In particular, one such embodiment, which is not illustrated in the figures, is to use an elongated sealing pad attached to multiple hydraulic rams. The idea is to use the rams not only to deploy the pad but also to create separate flow paths. Carrying this idea a bit further, an articulated elongated pad could be supported by several hydraulic rams, the extension of which can be adjusted to cover a greater length of borehole. A potential benefit of articulating the pad is to make it more likely to conform to borehole irregularities, and to provide improved sealing contact.

Another alternative embodiment is to use pads attached to hydraulic rams that are not aligned longitudinally, as shown in FIGS. 5A, 6A, 6B, and 6C. In such embodiments, an array of elongated pads with different angular deployment with respect to the borehole may be used (i.e., diagonally opposite, or placed at various angles with respect to the probe). An expected benefit of an array of pads is that more borehole coverage could be achieved making the device practically equivalent, or in some instances even superior to the straddle packer. In particular, the pads may be arranged in an overlapping spiral fashion around the tool making the coverage continuous.

In alternative embodiments, better design flexibility can be provided using redundancy schemes, in which variable size or property pads, attached to different numbers of extension elements of a probe, and using combinations of different screens, filtering packs, and others may be used.

Alternative designs are clearly possible and are believed to be used interchangeably with the specific designs illustrated in this disclosure.

The Sealing Pad

An important aspect of the present invention is the use of one or more elongated sealing pads with a slot or recess cut into the face of the pad(s), as shown in a preferred embodiment in FIG. 5A. The slot in the pad is preferably screened and gravel or sand packed, depending on formation properties. In operation, sealing pad 34 is used to hydraulically seal off an elongated portion along a surface of the borehole, typically disposed along the axis of the borehole.

FIG. 5A illustrates the face of an elongated sealing pad in accordance with one embodiment of this invention. In this embodiment, sealing pad 34 is preferably at least twice as long as the distance between probes 32a and 32b and, in a specific embodiment, may be dimensioned to fit, when not in use, into a recess provided on the body of probe module 30 without extending beyond the periphery of the tool, as illustrated in FIG. 16. As explained above, sealing pad 34 provides a large exposure area to the formation for testing and sampling of formation fluids across laminations, fractures and vugs.

Sealing pad 34 is preferably made of elastomeric material, such as rubber, compatible with the well fluids and the physical and chemical conditions expected to be encountered in an underground formation. Materials of this type are known in the art and are commonly used in standard cup-shaped seals.

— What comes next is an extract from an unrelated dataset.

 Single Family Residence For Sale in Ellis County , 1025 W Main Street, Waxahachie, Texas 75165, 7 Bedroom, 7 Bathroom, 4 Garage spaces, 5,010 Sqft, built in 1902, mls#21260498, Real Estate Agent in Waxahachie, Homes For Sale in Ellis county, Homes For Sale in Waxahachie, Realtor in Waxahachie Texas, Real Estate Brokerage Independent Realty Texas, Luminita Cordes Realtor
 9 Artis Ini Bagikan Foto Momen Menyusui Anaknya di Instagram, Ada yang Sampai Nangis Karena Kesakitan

With reference to FIG. 5B, sealing pad 34 has a slit or recess 36 cut therein to allow for drawing of formation fluids into the probes. Slit 36 preferably extends longitudinally the length of sealing pad 34 ending a few centimeters before its edges. The width of slit 36 is preferably greater than, or equal to, the diameter of the inlets. The depth of slit 36 is preferably no greater than the depth of sealing pad 34. In a preferred embodiment, sealing pad 34 further comprises a slotted screen 38 covering slit 36 to filter migrating solid particles such as sand and drilling debris from entering the tool. Screen 38 is preferably configured to filter out particles as small as a few millimeters in diameter. In a preferred embodiment, sealing pad 34 is further gravel or sand packed, depending on formation properties, to ensure sufficient sealing contact with the borehole wall.

FIGS. 7A-F are CAD models and schematics of a sealing pad in accordance with this invention. It should be noted that all dimensions in the figures are approximate and may be varied in alternative embodiments.

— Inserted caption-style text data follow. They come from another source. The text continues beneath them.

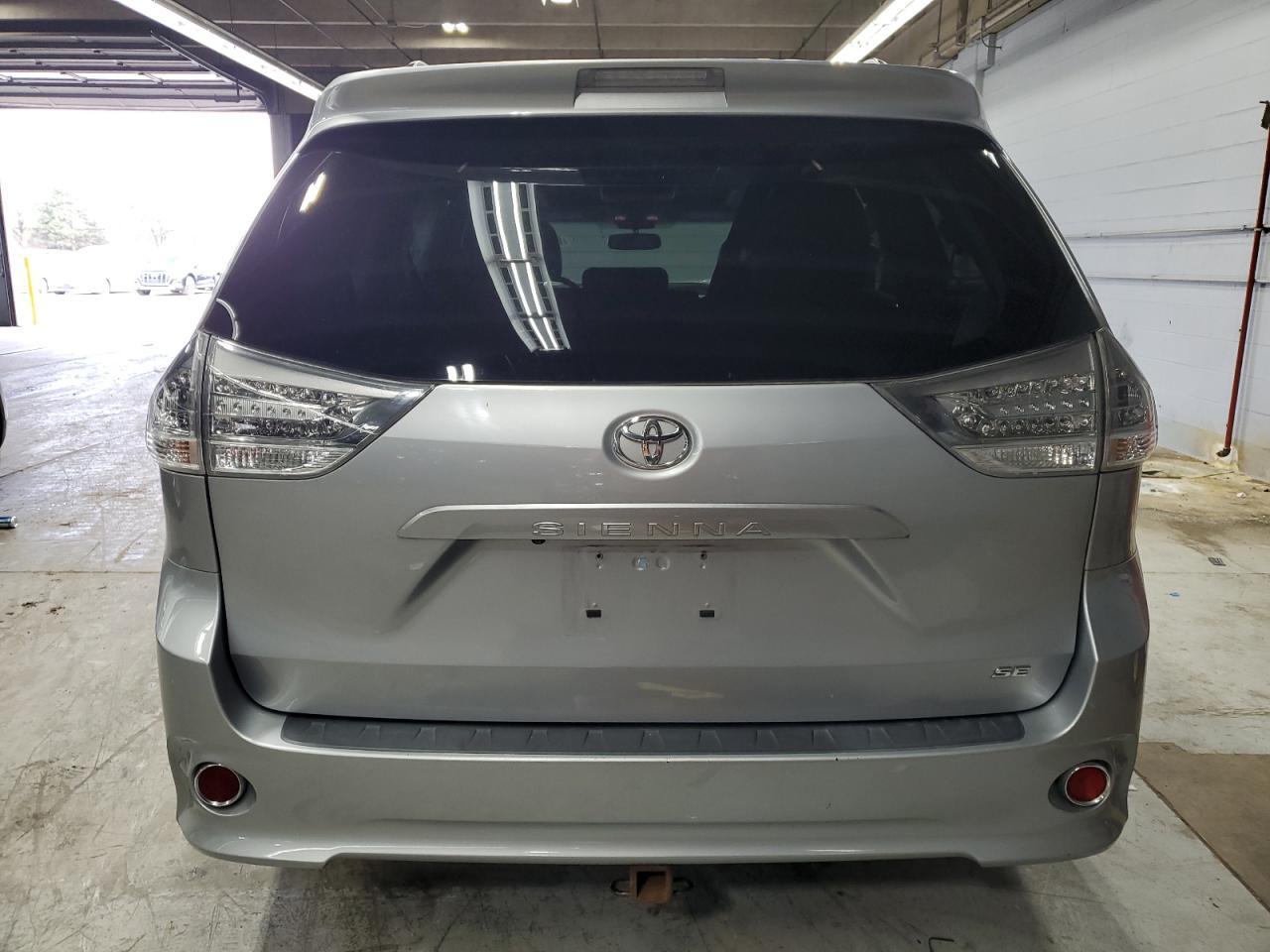 2015 TOYOTA SIENNA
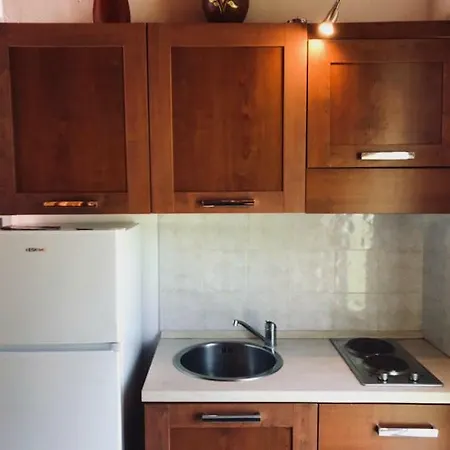 Parissis Eden Skiathos טרולוס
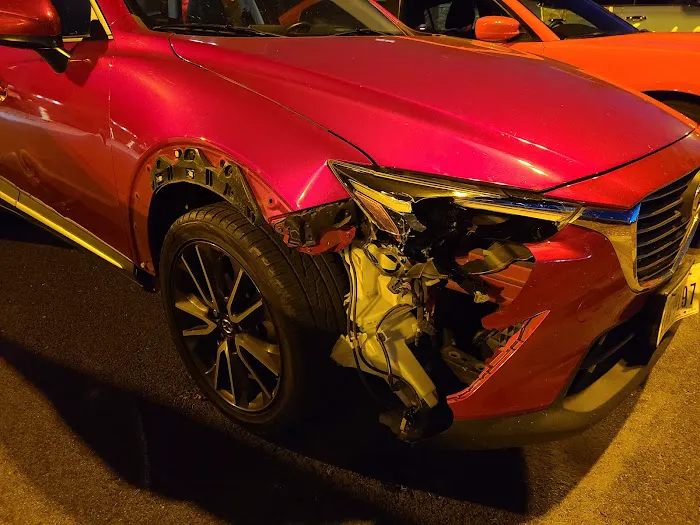 Auto Clinic LLC - Auto Body Repair & Collision Repair Service & Car Painting 3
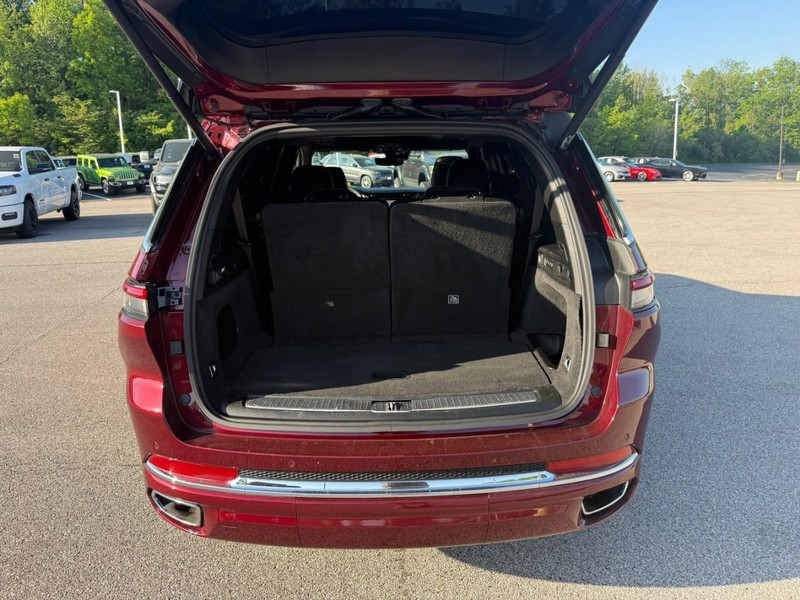 Jeep Grand Cherokee L Vehicle Image 07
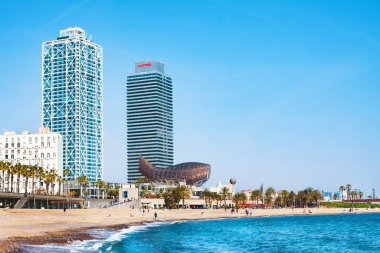 Barselona, İspanya - 22 Şubat 2020: Barceloneta plajı manzarası. Şehrin en eski ve en ünlü şehri, La Barceloneta (Ciutat Vella) mahallesinde yer almaktadır.)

In a preferred embodiment, the pad is provided with a metal cup-like structure that is molded to the rubber to facilitate sealing. Other geometries are possible but the basic principle is to support the rubber such that it seals against the borehole but is not allowed to be drawn into the flow area. A series of slots or an array of holes could also be used in alternative embodiments to press against the borehole and allow the fluid to enter the tool while still maintaining the basic elongated shape.

FIGS. 7G-H show additional detail about how the screen and gravel pack probe 32 works in a preferred embodiment of the present invention. As illustrated, in this embodiment the elongated sealing pad 34 is attached to a hydraulic ram and the probe with a slotted screen at one of the inlet openings. Notice that the fluids are directed through the screen slots into an annular area, which connects to a flow line in the tool. When the hydraulic ram deploys the Oval Pad against the well bore, the elastomeric material of the pad is compressed. The hydraulic system continues to apply an additional force to the probe assembly, causing it to contact the steel opening aperture 39 of the elongated pad. Therefore, it will be appreciated that the steel aperture 39 is pressed against the borehole wall with greater force than the rubber. This system of deployment insures that the steel aperture 39 keeps the rubber from extruding and creates a more effective seal in a preferred embodiment. When the elongated pad 34 is retracted, the probe screen assembly is retracted and a wiper cylinder pushes mudcake or sand from the screen area. In alternative embodiments this screen can be replaced with a gravel pack type of material to improve the screening of very fine particles into the tool's flowline.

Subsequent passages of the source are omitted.